I was often completely prepared and capable of [———fill in the blank for whatever here———], but would often mentally defeat my own ability to do/finish/handle/win.  The shiniest example of this was when I tried to make the 1998 Junior Worlds weighlifting team for the USA. 

I made the team in 1997 (I made the team in 1997 without even knowing it, so I couldn’t psych myself out about it). To make the 1998 team, all I had to make was one more lift.

One measley little lift that I had completed a million times. 

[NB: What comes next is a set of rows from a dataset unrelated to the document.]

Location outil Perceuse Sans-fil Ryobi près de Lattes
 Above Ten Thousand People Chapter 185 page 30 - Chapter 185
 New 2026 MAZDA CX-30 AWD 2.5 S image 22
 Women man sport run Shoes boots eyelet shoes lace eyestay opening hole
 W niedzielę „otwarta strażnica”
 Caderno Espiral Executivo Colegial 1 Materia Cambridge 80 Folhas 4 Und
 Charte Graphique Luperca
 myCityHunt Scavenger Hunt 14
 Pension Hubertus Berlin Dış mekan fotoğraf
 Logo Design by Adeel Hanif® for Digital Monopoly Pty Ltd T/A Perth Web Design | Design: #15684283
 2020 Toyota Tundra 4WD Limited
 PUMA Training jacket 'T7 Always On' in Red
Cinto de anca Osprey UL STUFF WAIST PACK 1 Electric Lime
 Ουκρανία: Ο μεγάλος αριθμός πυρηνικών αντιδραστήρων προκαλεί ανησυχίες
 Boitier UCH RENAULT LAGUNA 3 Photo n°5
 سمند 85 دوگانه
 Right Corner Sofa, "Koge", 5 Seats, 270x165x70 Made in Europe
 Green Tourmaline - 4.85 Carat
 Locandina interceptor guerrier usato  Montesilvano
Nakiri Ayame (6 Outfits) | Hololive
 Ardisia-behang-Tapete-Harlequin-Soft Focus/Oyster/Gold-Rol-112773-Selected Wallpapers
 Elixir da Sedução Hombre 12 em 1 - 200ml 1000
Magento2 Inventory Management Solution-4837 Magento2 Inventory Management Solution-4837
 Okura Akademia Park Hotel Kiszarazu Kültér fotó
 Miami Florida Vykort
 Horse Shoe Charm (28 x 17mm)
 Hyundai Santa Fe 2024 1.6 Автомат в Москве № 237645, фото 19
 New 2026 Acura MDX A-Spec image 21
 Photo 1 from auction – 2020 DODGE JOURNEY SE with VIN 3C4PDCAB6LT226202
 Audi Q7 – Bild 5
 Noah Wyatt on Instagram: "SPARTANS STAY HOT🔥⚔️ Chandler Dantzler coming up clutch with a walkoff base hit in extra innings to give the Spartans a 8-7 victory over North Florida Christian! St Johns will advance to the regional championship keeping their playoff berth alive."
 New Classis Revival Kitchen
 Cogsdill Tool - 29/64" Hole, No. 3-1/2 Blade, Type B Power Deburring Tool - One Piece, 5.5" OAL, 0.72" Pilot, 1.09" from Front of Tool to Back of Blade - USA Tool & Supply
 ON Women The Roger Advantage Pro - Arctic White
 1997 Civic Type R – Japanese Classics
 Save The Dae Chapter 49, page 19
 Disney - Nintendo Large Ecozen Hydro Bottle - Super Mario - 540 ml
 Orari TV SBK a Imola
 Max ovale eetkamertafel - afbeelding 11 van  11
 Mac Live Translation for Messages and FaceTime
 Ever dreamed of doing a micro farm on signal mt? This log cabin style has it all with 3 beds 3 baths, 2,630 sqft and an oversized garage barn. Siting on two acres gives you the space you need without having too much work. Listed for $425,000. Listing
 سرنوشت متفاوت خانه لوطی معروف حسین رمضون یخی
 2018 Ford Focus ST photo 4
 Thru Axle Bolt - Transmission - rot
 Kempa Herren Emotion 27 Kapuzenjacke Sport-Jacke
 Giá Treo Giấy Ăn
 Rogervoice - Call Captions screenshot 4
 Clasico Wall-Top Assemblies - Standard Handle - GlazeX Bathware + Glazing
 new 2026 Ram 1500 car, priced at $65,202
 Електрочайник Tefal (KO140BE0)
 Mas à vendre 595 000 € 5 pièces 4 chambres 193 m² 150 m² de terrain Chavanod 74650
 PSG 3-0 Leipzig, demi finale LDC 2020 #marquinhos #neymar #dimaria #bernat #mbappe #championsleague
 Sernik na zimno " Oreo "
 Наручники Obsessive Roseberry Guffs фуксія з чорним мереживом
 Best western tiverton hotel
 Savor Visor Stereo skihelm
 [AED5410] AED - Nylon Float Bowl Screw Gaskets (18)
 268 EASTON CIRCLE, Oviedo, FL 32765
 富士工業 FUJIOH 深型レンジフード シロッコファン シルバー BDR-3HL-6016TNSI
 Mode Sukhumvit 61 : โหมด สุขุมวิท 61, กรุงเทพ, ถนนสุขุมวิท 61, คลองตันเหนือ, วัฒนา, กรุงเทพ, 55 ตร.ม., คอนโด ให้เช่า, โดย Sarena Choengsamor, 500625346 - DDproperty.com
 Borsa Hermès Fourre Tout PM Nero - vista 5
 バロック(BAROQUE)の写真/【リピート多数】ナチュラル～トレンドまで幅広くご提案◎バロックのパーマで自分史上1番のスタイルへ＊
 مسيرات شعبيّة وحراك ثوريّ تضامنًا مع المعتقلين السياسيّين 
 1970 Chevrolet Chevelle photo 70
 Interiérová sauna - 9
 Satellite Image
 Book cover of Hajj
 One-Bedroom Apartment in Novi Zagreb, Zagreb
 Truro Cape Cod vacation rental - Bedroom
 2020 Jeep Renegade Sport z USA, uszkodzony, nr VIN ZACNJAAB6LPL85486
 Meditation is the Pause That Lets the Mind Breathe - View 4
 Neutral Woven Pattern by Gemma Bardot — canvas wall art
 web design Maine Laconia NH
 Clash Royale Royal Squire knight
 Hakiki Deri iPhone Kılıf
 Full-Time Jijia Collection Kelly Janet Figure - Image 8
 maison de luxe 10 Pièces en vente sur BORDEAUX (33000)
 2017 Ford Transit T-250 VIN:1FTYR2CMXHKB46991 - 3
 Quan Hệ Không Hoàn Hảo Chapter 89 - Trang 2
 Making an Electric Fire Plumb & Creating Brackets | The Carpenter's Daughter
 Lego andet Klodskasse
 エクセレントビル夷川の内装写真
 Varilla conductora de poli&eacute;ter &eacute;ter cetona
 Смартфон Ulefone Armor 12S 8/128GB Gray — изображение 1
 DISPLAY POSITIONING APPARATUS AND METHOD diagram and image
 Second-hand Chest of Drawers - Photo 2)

I had lost about sixteen pounds of bodyweight (an entire weightclass) for the event, so I was a little weak.  But my first three lifts were strong, and in fact, I made a personal record in the first category.  I felt surprisingly good going into the second half of the competition.  All required of me for a slot on the team was to make one of next three lifts.  Again, I had three shots to make one lift.  Three strikes, and I would be out.

One-by-one, I talked myself out of each lift. I remember grabbing onto the bar and thinking, nope, no way in hell, not this time.  

As I walked up to the bar the final time, I already knew it was over. 

I’m not sure why I mentally sabotoged myself, in that moment.  I had suffered and fasted/dieted/saunaed for two weeks. I had passed out in the hallway one night from dehydration. I had sacrificed and trained for six years, five days a week for three hours a day (that’s something like 4,500 hours of my life). 

On that day, the reward was there for the taking. And I mentally blew it.  Why?

Well, I remember that I would have missed my high school graduation, and that was a big point of contention between me and my mom.  I remember that I would have missed finals, which would have caused issues with my teachers and the administration (but they always worked with me, so it was surmountable).  I would be away from my boyfriend for two weeks.  Oh wait.  The boyfriend who lived in Portland, while I lived in Savannah?  Yes, that was somehow still an excuse. I’m sure there were other reasons – all stupid.

As I think about it, I would often blow competitions and workouts just because of my mental state.  One workout I was running a 103 fever.  I went in the gym anyway, and was so sick I did not think about anything but how awful my head felt.  The mental side of lifting was not in play.  I was mindlessly throwing the bar around.  And without even noticing, I broke a personal record that day.  I wasn’t thinking, and I succeeded. And it was easy.

This whole adventure into triathlon is partly to rid myself of my own mental diminuitiveness.  I feel that I need redemption for my stupid failures in weightlifting.  I was such a mental dingbat when it came to parts of that sport, and I still resent myself for it.  Redemption time.

The reason I am bringing all this up:  the Duathlon for which I am registered in two weeks is starting to creep into my head a little.  Little twinges of self doubt like: well, I haven’t really done enough hill training on the G-Force bike, so maybe I should just sit out and not do this
maybe I’m just not ready for it
what if I fail?

Driving home from work today, I realized I was headed down the same stupid path of mental excuses as I used in weightlifting.  For me, the fear of failure has always been great.  To succeed, I must have a strong mind and an impenetrable focus. I will certainly fail if I believe that I will fail.  If I am strong, I cannot fail because I will have given everything I have to that moment, to that event. There is no failure when I can reach into the bottom of my bucket and know the whole darn thing is empty because I gave it all in that moment.

So there. That’s my motivation.  Empty my bucket.  If my bucket is empty at mile 8 instead of the end of the bike race at mile 12 or 16, so what.  So what if I fall down in the race or finish last.  Who cares?  Who really cares?  No one.  Therefore, the only person in the race is me, and this is a race against my mind. 

As long as my bucket is empty at the end of the day, then I win.